The Dakar rally is probably the toughest thing you can do on two wheels.

It’s that time of year again. The Christmas crap is packed away, the New Year’s party decorations are in the trash, and the Dakar rally starts on Sunday morning.

This time around, the rally will visit three countries – Argentina, then Bolivia, then Chile, ending in Argentina once again. This year’s race has two marathon stages (7 and 10) and is 9,295 km long, with 4,752 km of timed specials.

The 2015 race is going to be particularly tough on competitors, as they’re not allowed outside help on those marathon stages, and there’s usually only one. The marathon stages often cull out many unlucky, unprepared or otherwise weaker riders, and a second marathon stage might really reduce the ranks later in the race.

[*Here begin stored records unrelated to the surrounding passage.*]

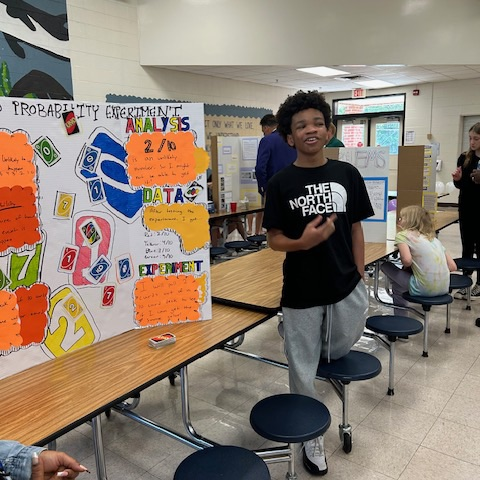 FredSchools's tweet photo. WGMS is on a roll 🔥; Allan Perry won first place at the STEM fair this past Saturday on April 18th! Join us in congratulating this awesome student, as well as highlighting his amazing achievement! Thank you, WGMS families, for your everlasting support. Go Tigers! 🐅 https://t.co/Iaojzx5m6J
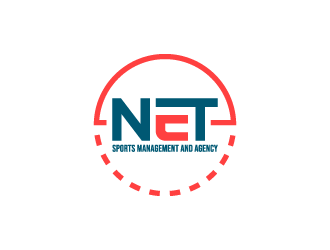 Net Sports Management logo design by denfransko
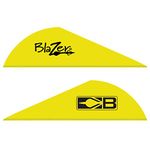 Bohning Blazer Archery Vane (100-Pack), Neon Yellow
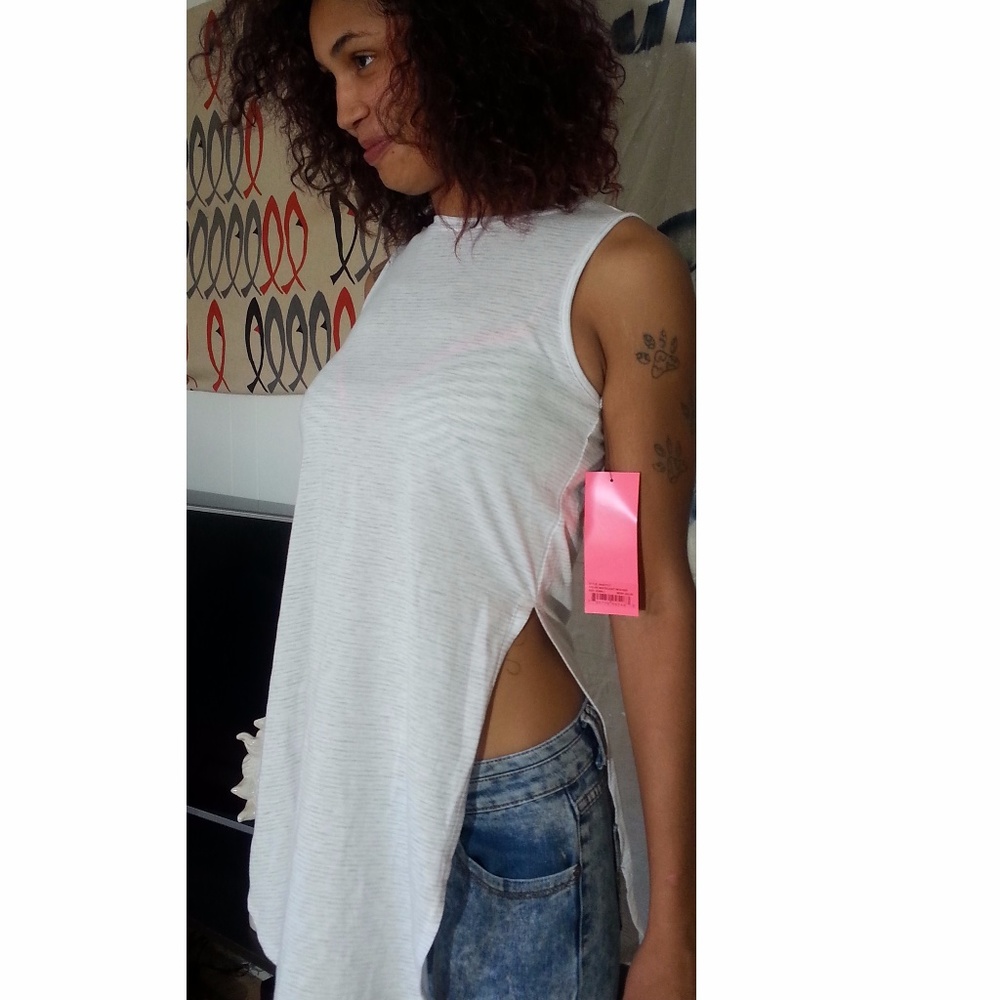 Betsey Johnson long sexy layer tee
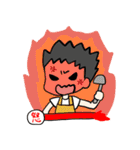 カレー屋さんのおやじ（個別スタンプ：7）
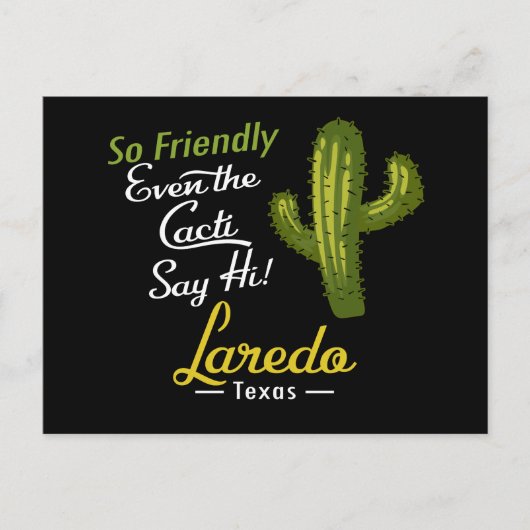 Laredo Cactus Funny Retro Postkarte (Vorderseite)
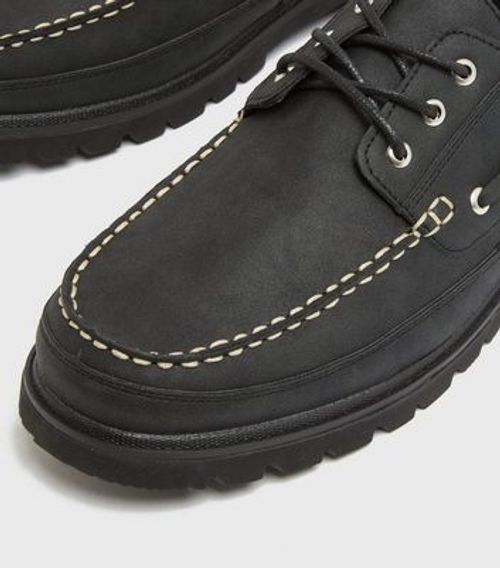 Men's Black Suedette Lace Up...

Anything can happen at the Dakar rally – all it takes is one disaster at the wrong time and the favourite can be unseated. However, it seems Marc Coma will likely repeat last year’s winning performance for KTM.

Coma’s closest competitor for years was KTM teammate Cyril Despres, but Despres had some rotten luck when he moved to Yamaha last year (although he mounted an impressive comeback attempt). This year, Despres is not racing a bike; he’s driving a car for Peugeot.

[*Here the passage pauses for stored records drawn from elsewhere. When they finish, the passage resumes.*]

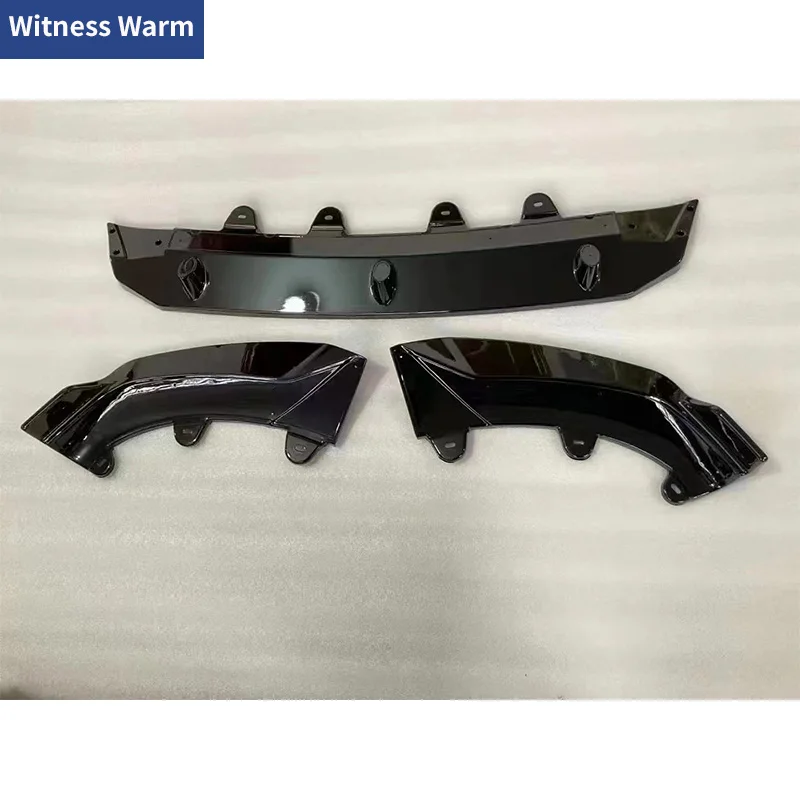 ABS Front Lip Chin Bumper Splitters For BMW X3 G01 X4 G02 Car Body Kits Spoiler Diffuser 22-24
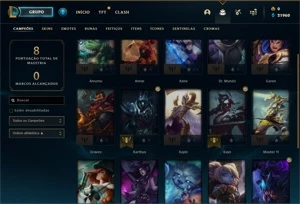 SMURF DIAMANTE 2 COM O WINRATE ALTO - CAINDO COM STREAMERS! - League of Legends LOL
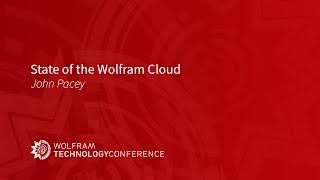 State of the Wolfram Cloud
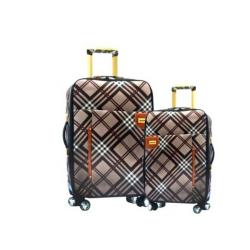 4 wheel Fashion Plaid luggage 2-Piece Set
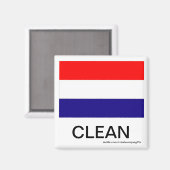 ホランフラグクリーン食洗機磁石 マグネット (正面/裏面)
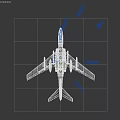 Fighter Jet 11098 Flying With Extended Landing Gear In Cloudy Sky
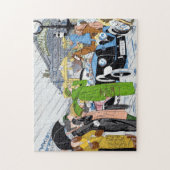 Art Deco Street Scene Legpuzzel (Verticaal)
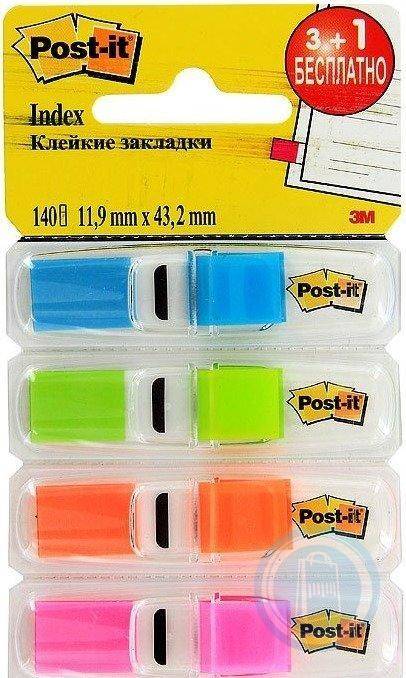 Postit 70005040152 Dispensador 3+1 1 2 indices 683 index 11x43 4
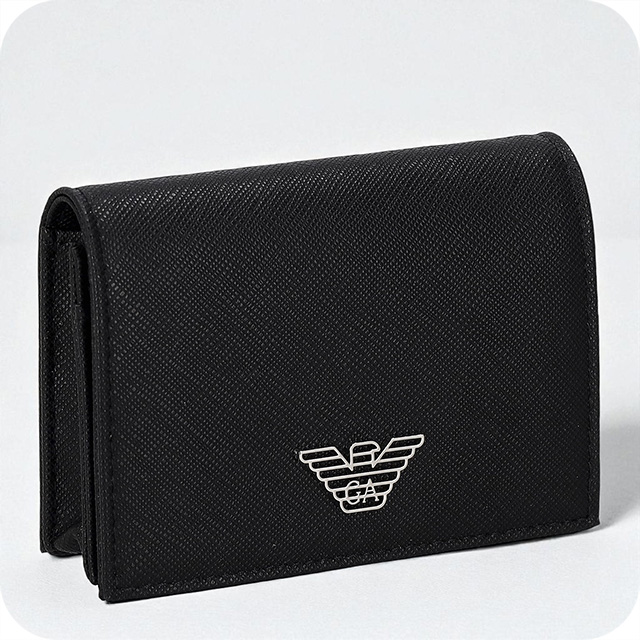 エンポリオ・アルマーニ 名刺入れ メンズ ブランド EMPORIO ARMANI Y4R576-Y138E 81072 ブラック 高級 おしゃれ プレゼント 実用的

With Despres out of the motorcycle race, Coma’s greatest competition will still likely come from his teammates. Chaleco Lopez, one of KTM’s top stars, has dropped out of the bike race to pilot a car in 2016, but Sam Sunderland, Ruben Faria and Jordi Villadoms are all riding for Team Orange.

Individually, none of them likely has the ability to beat Coma, but they’re all threats, and they can whittle down his points total to the point where one might beat him, or maybe someone from another team. Sunderland, in particular, is a rider to watch this year, as he performed well for Honda last year before his bike blew up.

The other teams are all aiming at ending KTM’s long reign. Yamaha is usually closest to this goal, but now that Cyril Despres has left after a short stay, their top rider is Oliver Pain, and he’s yet to prove himself as a Dakar champ, since nobody but Despres and Coma have won for a long, long time.

Honda is the other big team gunning for top spot. They’re didn’t perform as well as Yamaha last year. This year, they’re once again aiming to regain their past dominance in the race, with Joan Barreda Bort as their top rider. Helder Rodridgues and Paulo Goncalves will also likely steal some points for them, but none of Big Red’s riders have mounted a significant challenge on first overall in the past.

One other rider to watch will be Sherco’s Allain Duclos. Duclos surprised many last year, putting up a strong showing for what would normally be considered a lesser team. If luck goes his way and his bike holds together, he might repeat that performance this year.

One last note: A quick glance at the competitors list here shows one solid face: KTM is by far the bike of choice for the Dakar. No other manufacturer has anywhere close to the number of KTMs showing up at the South American race. It seems if you want to win, or even survive the rally, most riders are betting on Team Orange.